**Work item**
Nothing but the lines below from the one with "Wat zegt de vos? poker chips (Enkel)" through the one with "适用小天才电话手表表带Z10" should be output, each exactly as given, and no pictures.

**Data provided**
BEGIN

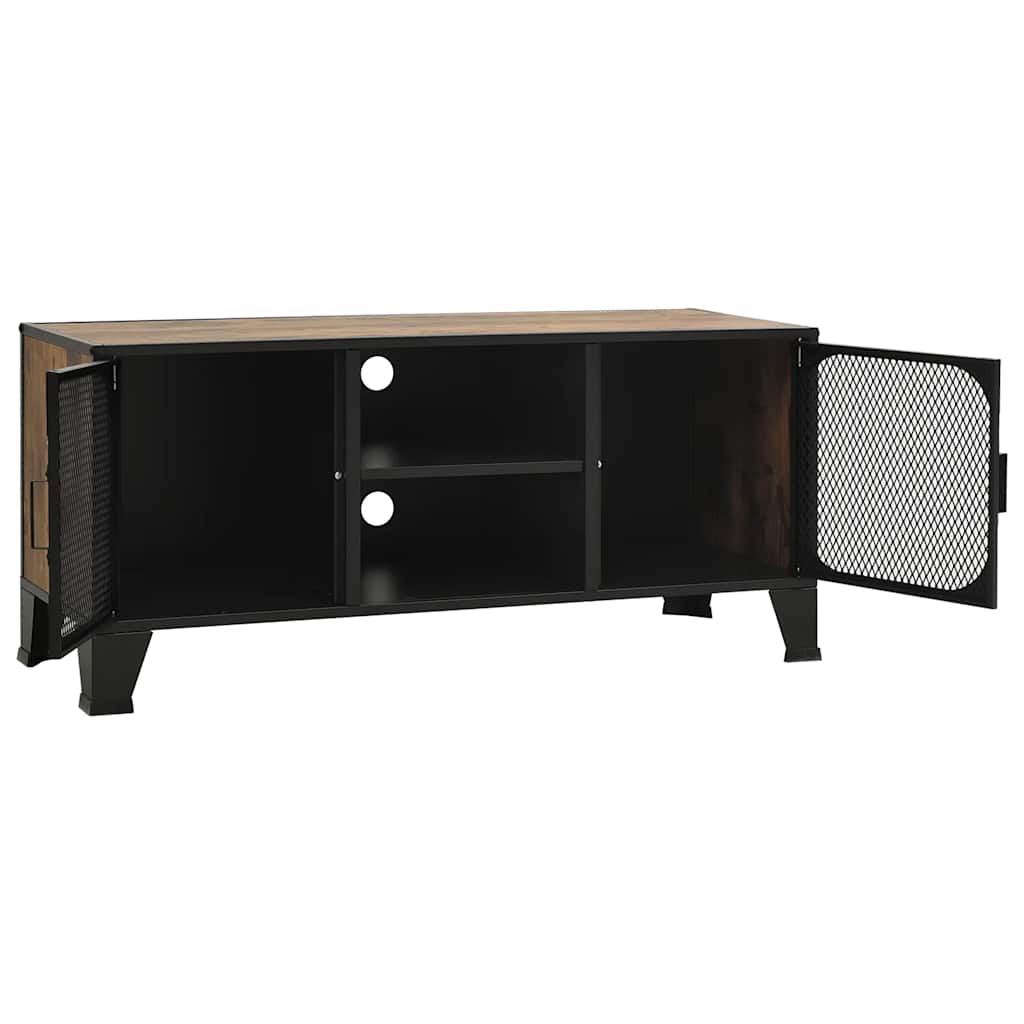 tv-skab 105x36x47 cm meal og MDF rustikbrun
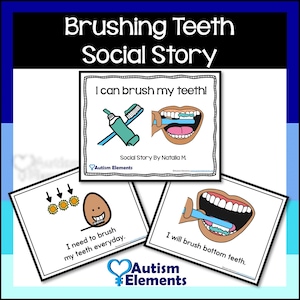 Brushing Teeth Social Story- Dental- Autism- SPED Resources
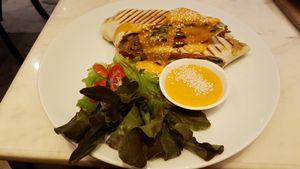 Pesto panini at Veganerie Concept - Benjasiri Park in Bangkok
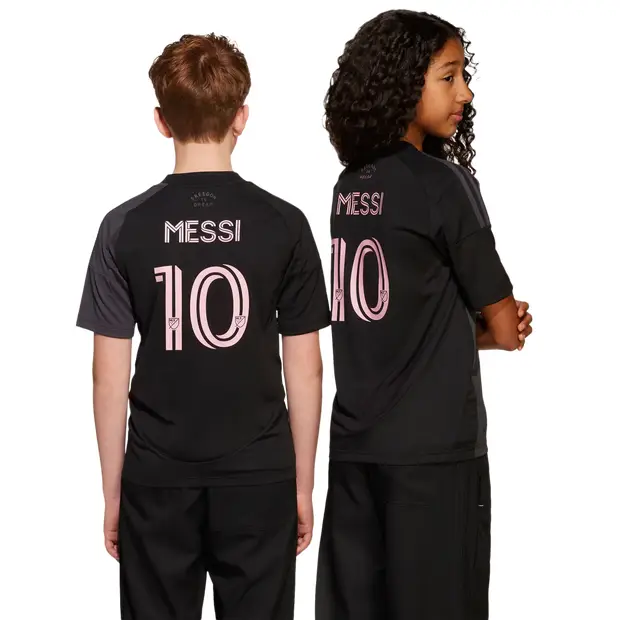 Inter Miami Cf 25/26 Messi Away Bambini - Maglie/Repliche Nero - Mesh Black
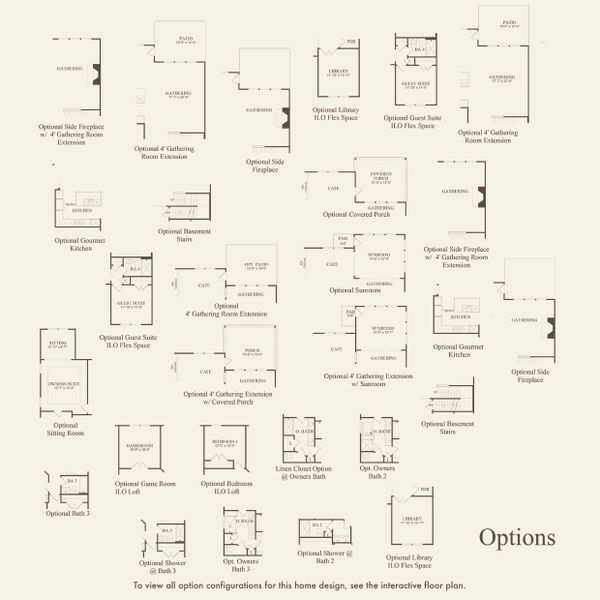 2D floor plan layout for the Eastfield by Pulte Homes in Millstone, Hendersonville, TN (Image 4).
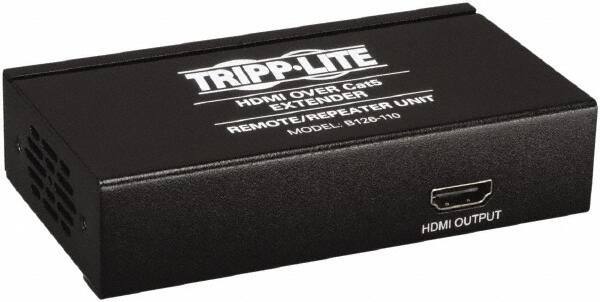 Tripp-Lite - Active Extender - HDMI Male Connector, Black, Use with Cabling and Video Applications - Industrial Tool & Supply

END
BEGIN

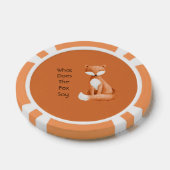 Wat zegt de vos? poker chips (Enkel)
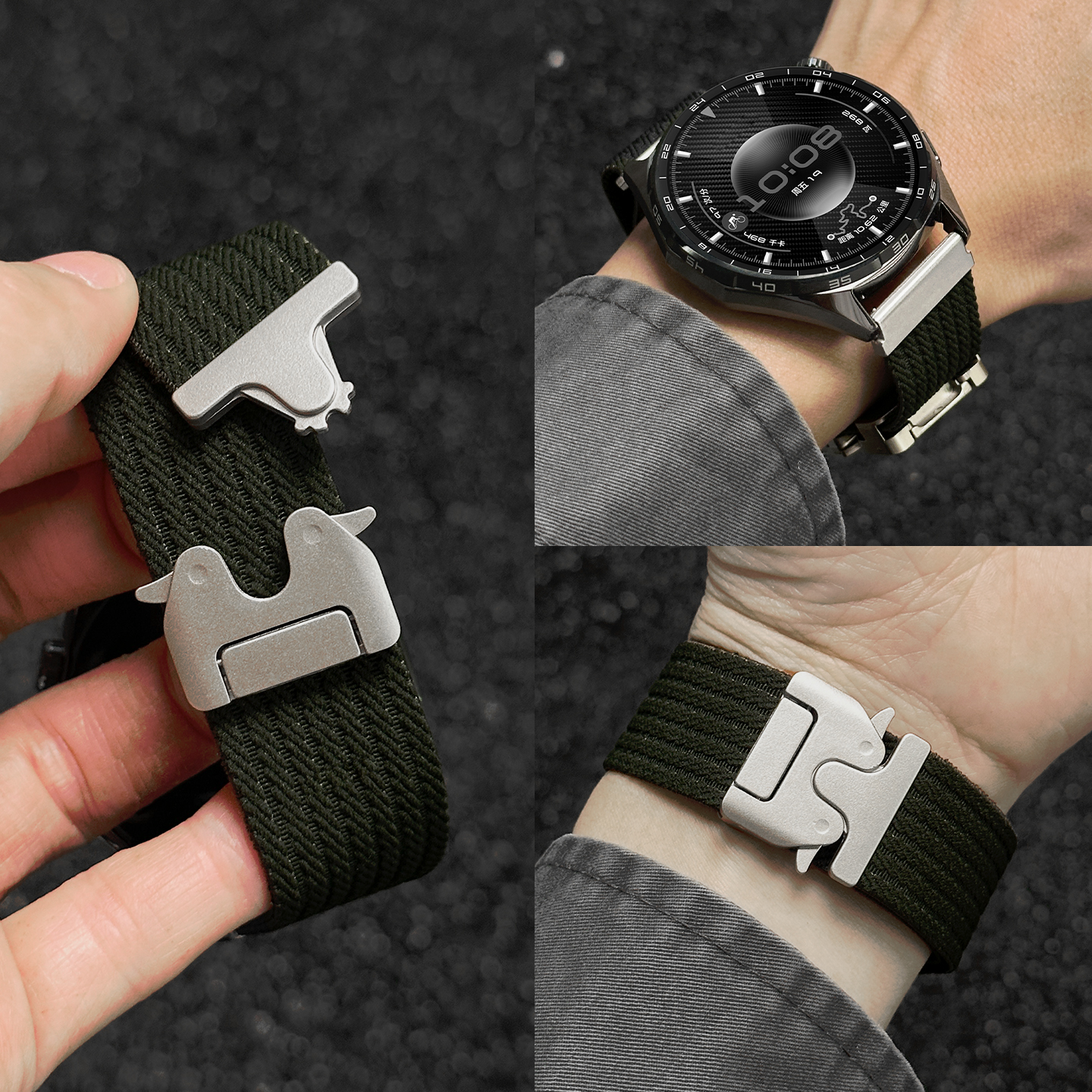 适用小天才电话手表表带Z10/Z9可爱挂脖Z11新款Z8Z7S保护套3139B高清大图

END

**Solution for this exercise**
 Wat zegt de vos? poker chips (Enkel)
 适用小天才电话手表表带Z10/Z9可爱挂脖Z11新款Z8Z7S保护套3139B高清大图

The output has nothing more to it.